#### REQUIRED WORK:
Work through the listing below and give again exactly the lines from the one with "Table à Manger" to the one with "Stella Luna Black", both ends included. All other lines and all pictures stay out.

#### MATERIAL FOR THIS TASK:
Content starts

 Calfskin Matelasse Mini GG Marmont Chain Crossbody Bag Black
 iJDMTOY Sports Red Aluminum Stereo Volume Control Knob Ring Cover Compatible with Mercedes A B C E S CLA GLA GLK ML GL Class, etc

Content ends
Content starts

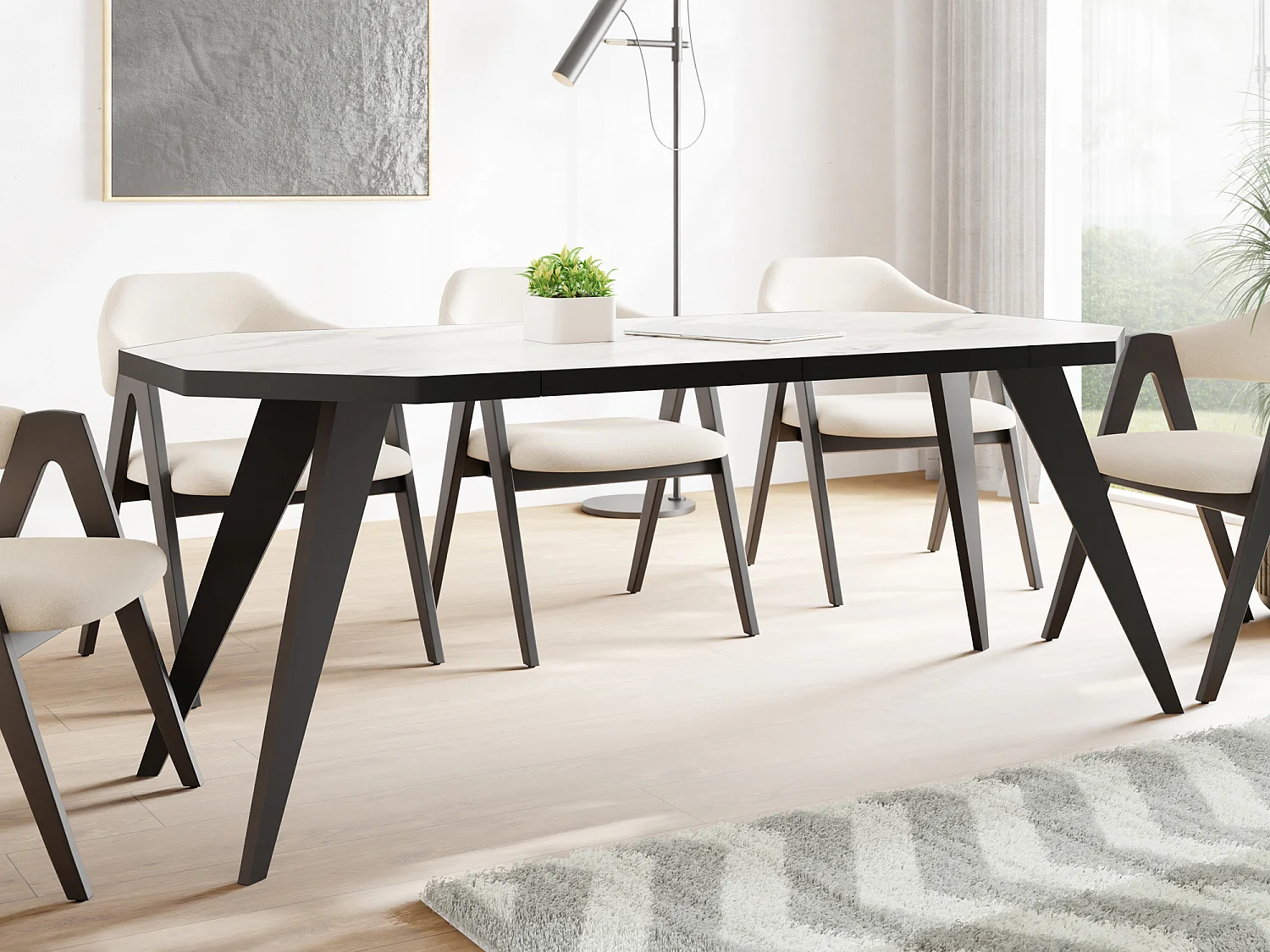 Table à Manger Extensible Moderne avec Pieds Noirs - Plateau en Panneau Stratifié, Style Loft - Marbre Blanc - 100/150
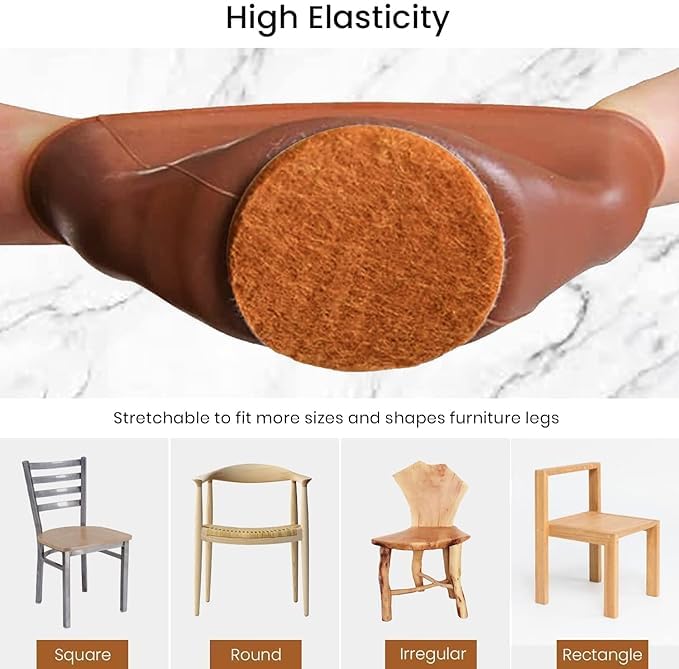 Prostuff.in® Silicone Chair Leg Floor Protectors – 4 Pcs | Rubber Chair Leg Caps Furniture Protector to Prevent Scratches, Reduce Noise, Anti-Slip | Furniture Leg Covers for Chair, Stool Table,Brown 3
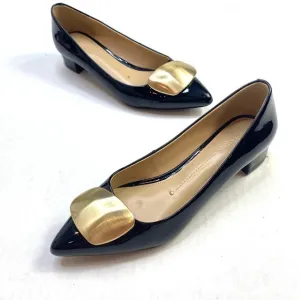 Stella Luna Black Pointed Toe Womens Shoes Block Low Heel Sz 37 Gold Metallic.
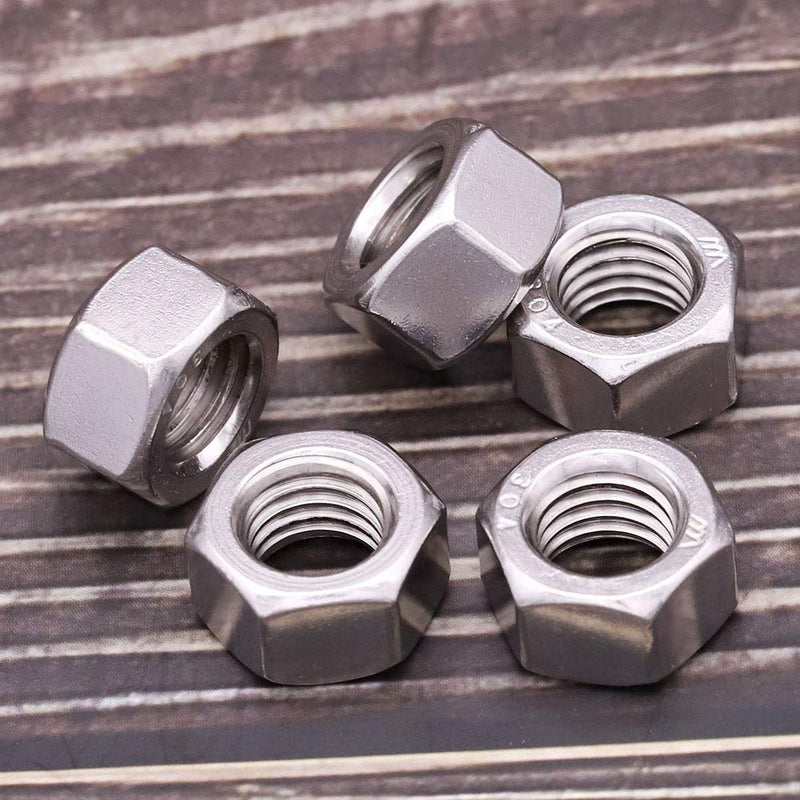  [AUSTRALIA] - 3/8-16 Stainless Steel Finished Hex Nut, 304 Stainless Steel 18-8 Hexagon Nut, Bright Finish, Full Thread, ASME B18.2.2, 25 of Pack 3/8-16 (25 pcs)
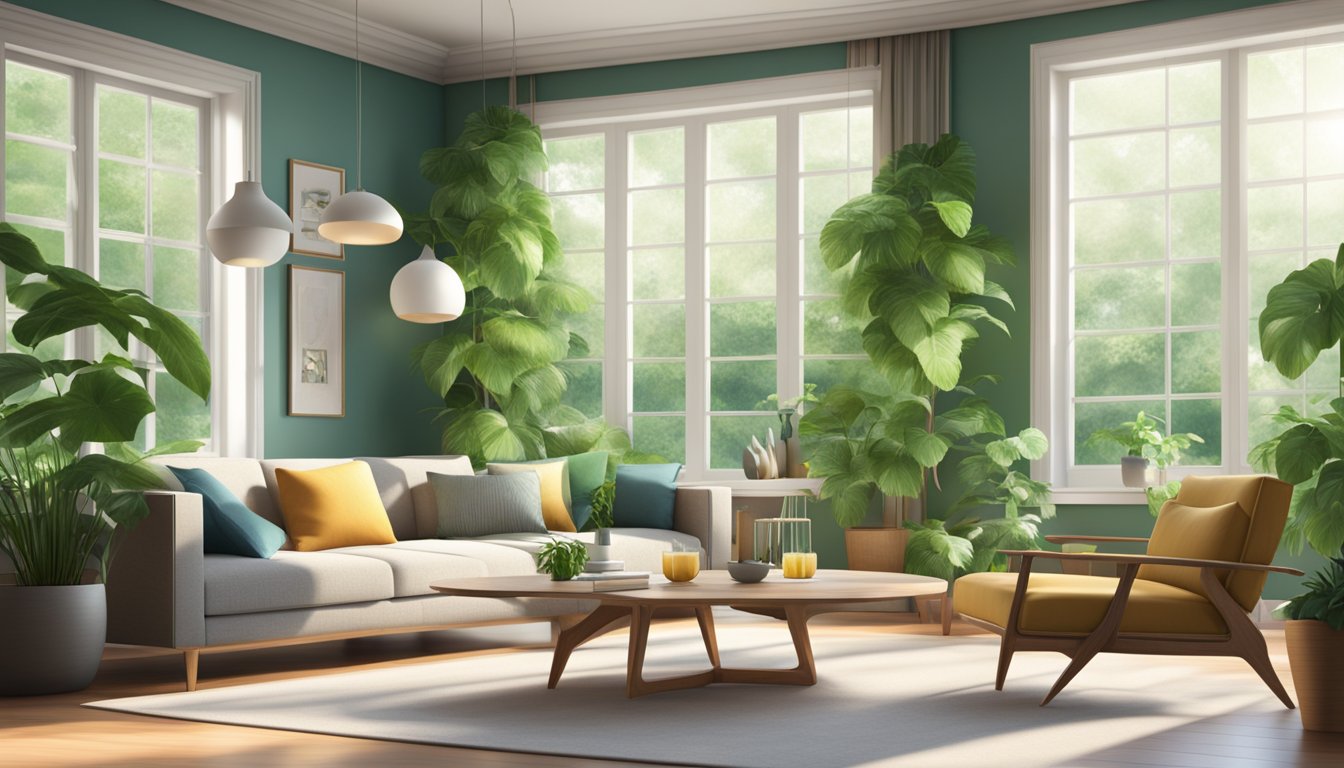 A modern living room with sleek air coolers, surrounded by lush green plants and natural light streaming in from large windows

Content ends

#### EXERCISE RESPONSE:
 Table à Manger Extensible Moderne avec Pieds Noirs - Plateau en Panneau Stratifié, Style Loft - Marbre Blanc - 100/150
 Prostuff.in® Silicone Chair Leg Floor Protectors – 4 Pcs | Rubber Chair Leg Caps Furniture Protector to Prevent Scratches, Reduce Noise, Anti-Slip | Furniture Leg Covers for Chair, Stool Table,Brown 3
 Stella Luna Black Pointed Toe Womens Shoes Block Low Heel Sz 37 Gold Metallic.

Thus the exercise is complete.